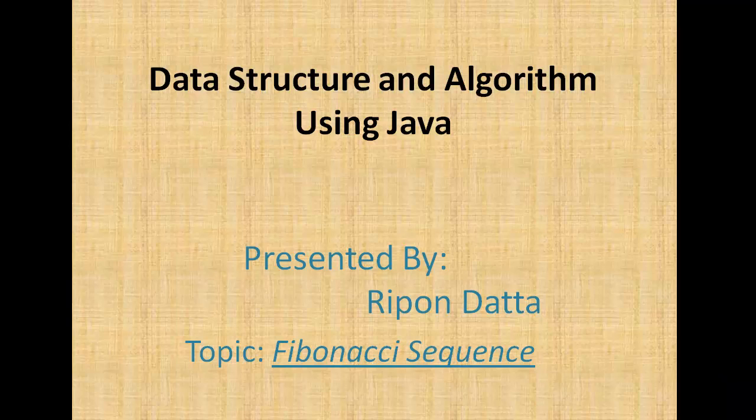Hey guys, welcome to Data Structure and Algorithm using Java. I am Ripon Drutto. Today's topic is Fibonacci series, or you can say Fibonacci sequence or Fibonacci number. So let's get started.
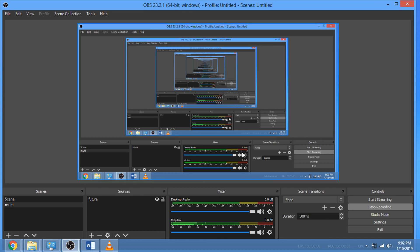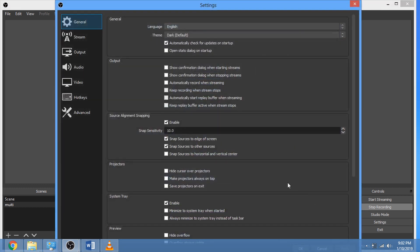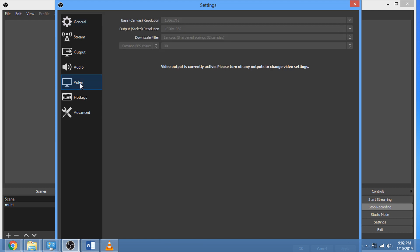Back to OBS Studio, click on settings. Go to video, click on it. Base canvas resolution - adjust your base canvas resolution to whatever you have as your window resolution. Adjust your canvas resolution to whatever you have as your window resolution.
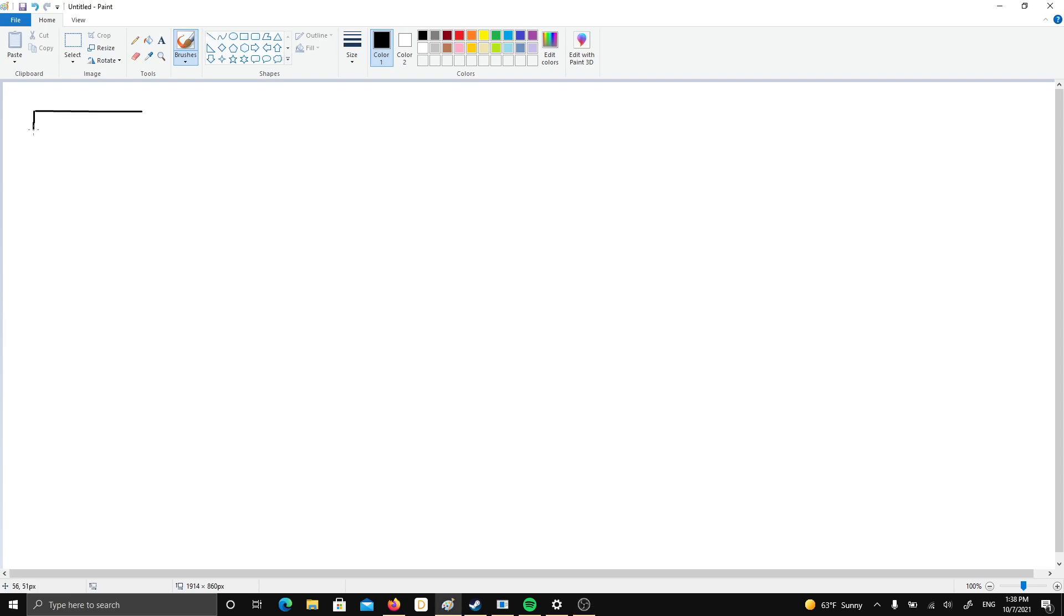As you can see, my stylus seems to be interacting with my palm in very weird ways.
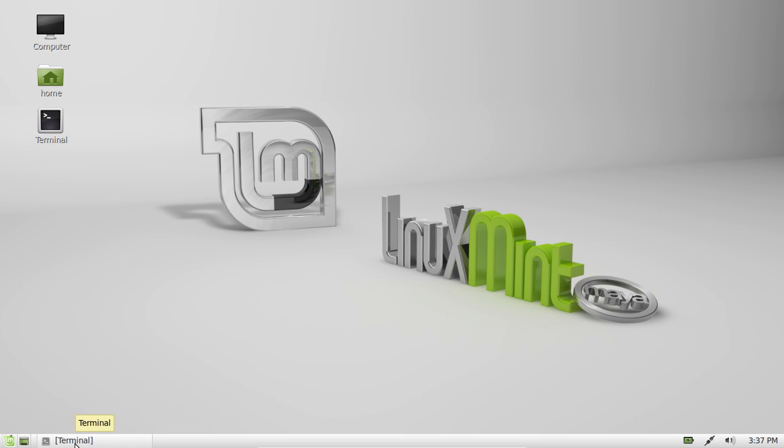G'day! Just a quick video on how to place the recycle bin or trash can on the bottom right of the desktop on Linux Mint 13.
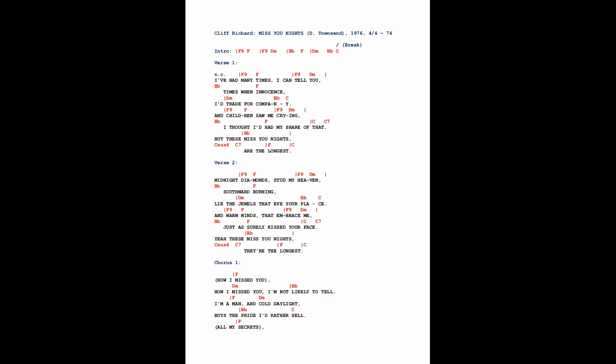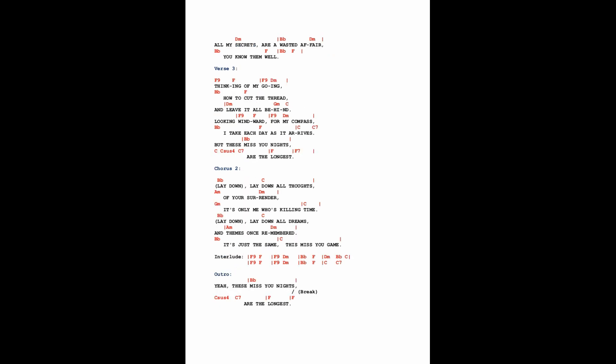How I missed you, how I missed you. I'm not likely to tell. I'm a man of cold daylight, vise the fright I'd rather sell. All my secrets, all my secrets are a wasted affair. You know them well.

• PROBLEM TO SOLVE: Using the data above, copy exactly the lines from the one containing "Back to OBS" to the one containing "As you can see, my", inclusive. Exclude the pictures.

• COMPLETED TASK:
Back to OBS Studio, click on settings. Go to video, click on it. Base canvas resolution - adjust your base canvas resolution to whatever you have as your window resolution. Adjust your canvas resolution to whatever you have as your window resolution.
As you can see, my stylus seems to be interacting with my palm in very weird ways.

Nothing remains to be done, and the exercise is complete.